This module provides an implementation of Adam.

Adam is a method for the optimization of stochastic objective functions.

The idea is to estimate the first two moments with exponentially decaying running averages. Additionally, these estimates are bias corrected which improves over the initial learning steps since both estimates are initialized with zeros.

The rest of the documentation follows the original paper [adam2014] and is only meant as a quick primer. We refer to the original source for more details, such as results on convergence and discussion of the various hyper parameters.

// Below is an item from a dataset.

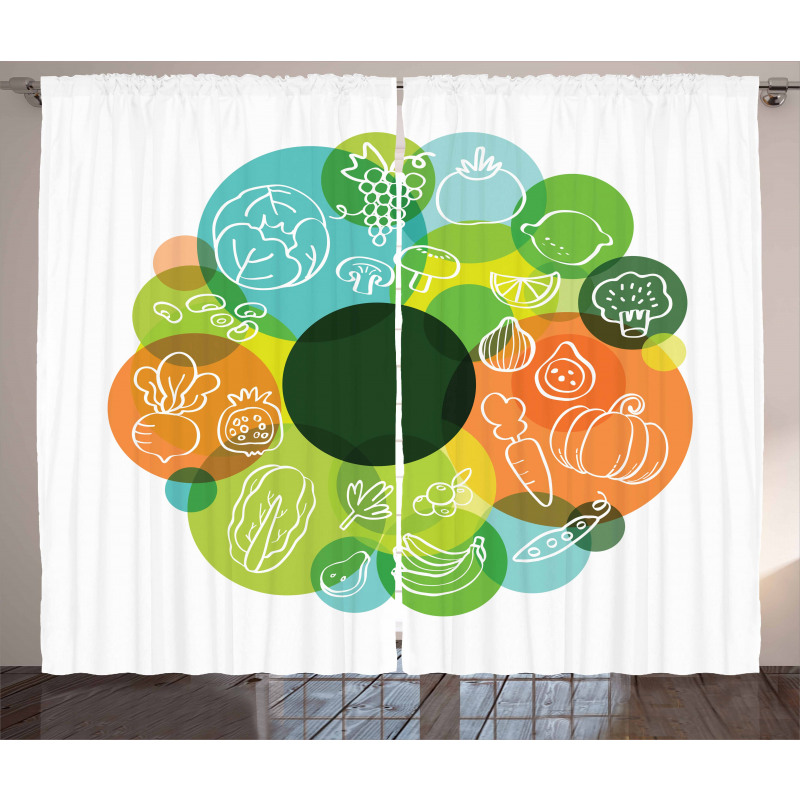 Doodle Vegan Pattern Curtain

Let $$f_t'(\theta_t)$$ be the derivative of the loss with respect to the parameters at time step $$t$$. In its basic form, given a step rate $$\alpha$$, decay terms $$\beta_1$$ and $$\beta_2$$ for the first and second moment estimates respectively and an offset $$\epsilon$$ we initialise the following quantities

$\begin{split}m_0 & \leftarrow 0 \\ v_0 & \leftarrow 0 \\ t & \leftarrow 0 \\\end{split}$

$\begin{split}t & \leftarrow t + 1 \\ g_t & \leftarrow f_t'(\theta_{t-1}) \\ m_t & \leftarrow \beta_1 \cdot g_t + (1 - \beta_1) \cdot m_{t-1} \\ v_t &\leftarrow \beta_2 \cdot g_t^2 + (1 - \beta_2) \cdot v_{t-1}\end{split}$$\begin{split}\hat{m}_t &\leftarrow {m_t \over (1 - (1 - \beta_1)^t)} \\ \hat{v}_t &\leftarrow {v_t \over (1 - (1 - \beta_2)^t)} \\ \theta_t &\leftarrow \theta_{t-1} - \alpha {\hat{m}_t \over (\sqrt{\hat{v}_t} + \epsilon)}\end{split}$

As suggested in the original paper, the last three steps are optimized for efficieny by using:

$\begin{split}\alpha_t &\leftarrow \alpha {\sqrt{(1 - (1 - \beta_2)^t)} \over (1 - (1 - \beta_1)^t)} \\ \theta_t &\leftarrow \theta_{t-1} - \alpha_t {m_t \over (\sqrt{v_t} + \epsilon)}\end{split}$

The quantities in the algorithm and their corresponding attributes in the optimizer object are as follows.

Symbol Attribute Meaning
$$t$$ n_iter Number of iterations, starting at 0.
$$m_t$$ est_mom_1_b Biased estimate of first moment.
$$v_t$$ est_mom_2_b Biased estimate of second moment.
$$\hat{m}_t$$ est_mom_1 Unbiased estimate of first moment.
$$\hat{v}_t$$ est_mom_2 Unbiased estimate of second moment.
$$\alpha$$ step_rate Step rate parameter.
$$\beta_1$$ decay_mom1 Exponential decay parameter for first moment estimate.
$$\beta_2$$ decay_mom2 Exponential decay parameter for second moment estimate.
$$\epsilon$$ offset Safety offset for division by estimate of second moment.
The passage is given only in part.